Do suspense ao terror explícito

Se o primeiro longa se apoiava na tensão psicológica, aqui a trama aposta em um cenário invernal e em um acampamento isolado, evocando referências diretas a clássicos como O Iluminado e Sexta-Feira 13. O retorno do Grabber como presença sobrenatural, combinado às visões de Gwen, adiciona ecos de A Hora do Pesadelo. O resultado é uma transição fluida do suspense para o horror sangrento, com direito a mais gore e brutalidade.

Novos personagens e velhos fantasmas

Black Phone
© Universal Pictures

Além de Ethan Hawke, que volta a aterrorizar sob a icônica máscara, o elenco traz Demián Bichir como o enigmático diretor do acampamento, Jeremy Davies como o pai dos protagonistas e Miguel Mora, que retorna como Ernesto, irmão de Robin, figura querida do primeiro filme. Essa combinação amplia a mitologia e aprofunda o passado do Grabber, revelando as origens de sua maldade.

Construção lenta, mas recompensadora

O filme demora a engrenar, com tempo dedicado a mostrar a vida escolar de Finney e Gwen após os eventos traumáticos. Mas quando o acampamento entra em cena, a narrativa dispara em intensidade. As revelações sobre o assassino e as novas conexões com o além não apenas dão peso ao terror, mas também recontextualizam o filme original.

Um raro caso de sequência superior

Dirigido novamente por Scott Derrickson, com roteiro dele e de C. Robert Cargill, O Telefone Preto 2 é um daqueles casos raros em que a sequência supera o original.

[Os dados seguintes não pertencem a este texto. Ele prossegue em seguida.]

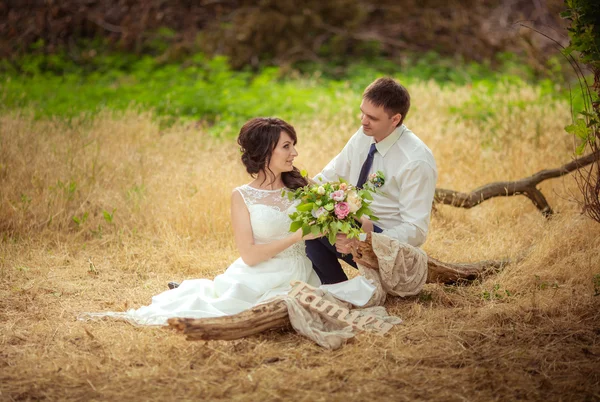 Noiva e noivo em seu dia de casamento — Fotografia de Stock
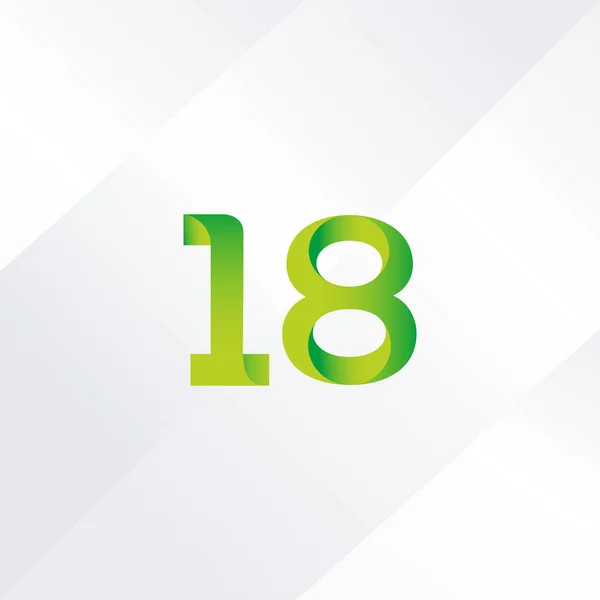 Ícone do logotipo de 18 números — Vetor de Stock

Mistura sustos genuínos, violência gráfica e momentos de emoção, equilibrando referências nostálgicas com inovação narrativa.

Com estreia mundial no Fantastic Fest 2025 e lançamento nos cinemas marcado para 17 de outubro, o filme já desponta como uma das produções de terror mais aguardadas do ano — e uma prova de que franquias podem evoluir sem perder impacto.